Israel’s new government faces a vote of confidence in the Knesset on Sunday. If it passes, and indications are that it will have the 61 votes needed to do so, the so-called “government of change” will then be sworn-in as Israel’s 36th government.
But already this week there were signs that it might be easier said than done for the ideologically-diverse parties making up the coalition to avoid the more sensitive political issues that divide them.
And Benjamin Netanyahu, who from next week it seems will be head of the Opposition, will no doubt do all he can to make sure they can’t avoid such issues.

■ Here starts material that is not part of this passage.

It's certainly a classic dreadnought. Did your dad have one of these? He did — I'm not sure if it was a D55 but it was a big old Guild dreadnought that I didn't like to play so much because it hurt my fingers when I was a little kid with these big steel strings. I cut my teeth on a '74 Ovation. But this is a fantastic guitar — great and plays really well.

On Tuesday, Netanyahu’s Likud unanimously approved a motion to save three places on its list of 30 lawmakers for any of the right-wing members of the new government who choose to break ranks, thus sweetening the incentive for defection.

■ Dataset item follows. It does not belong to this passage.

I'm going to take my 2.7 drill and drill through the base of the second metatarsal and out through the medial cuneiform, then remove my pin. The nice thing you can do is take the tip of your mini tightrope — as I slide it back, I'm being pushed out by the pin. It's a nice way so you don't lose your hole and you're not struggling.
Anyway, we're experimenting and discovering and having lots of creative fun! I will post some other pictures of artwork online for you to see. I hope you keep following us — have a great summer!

All it would take for this house of cards to come crashing down is for two or three Members of Knesset (MK) from either Yamina, New Hope or Yisrael Beiteinu–the right-wing factions in the new government–to feel that it is going in a direction they can’t support ideologically.
This week provided a taste of how that might happen, and perhaps even revealed the first signs of the cracks that Netanyahu hopes to widen into unbridgeable rifts.
Points of contention
On Tuesday it was reported that New Hope was insisting that the new government address the problem of illegal Palestinian construction in parts of Judea and Samaria designated as “Area C,” which are under full Israeli control.

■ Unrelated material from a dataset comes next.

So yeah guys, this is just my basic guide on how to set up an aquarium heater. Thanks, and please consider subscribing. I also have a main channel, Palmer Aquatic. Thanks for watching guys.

According to party no. 2 Ze’ev Elkin, the New Hope’s coalition deal calls for the establishment of a special government body to deal with the matter. But Benny Gantz, head of the centrist “Blue and White” party who will remain Minister of Defense in the new government, insists that his party’s deal keeps the matter under the direct purview of his ministry and the defense establishment.
Elkin warned that “the new government won’t be established” if New Hope’s demand isn’t met, but coalition officials later insisted that the tiff had been overblown in the media. At the same time, however, they announced that Elkin had been given additional influence, in the form of becoming official liaison between the government and the Knesset, in an apparent bid to pacify him.
Later in the day, it was reported that incoming Transportation Minister Merav Michaeli (head of the left-wing Labor party) plans to cut over one billion shekels in funding for roads between Jewish settlements in Judea and Samaria. This predictably angered right-wing members of the coalition who count the Jewish residents of the biblical heartland as one of their core constituencies.
Finally, Channel 13 reported that there is mounting concern in the coalition that after the new government is inaugurated it will come under American pressure to implement a “settlement freeze” in Judea and Samaria. The different parties that make up the coalition would have diametrically opposed views on how to respond to such pressure.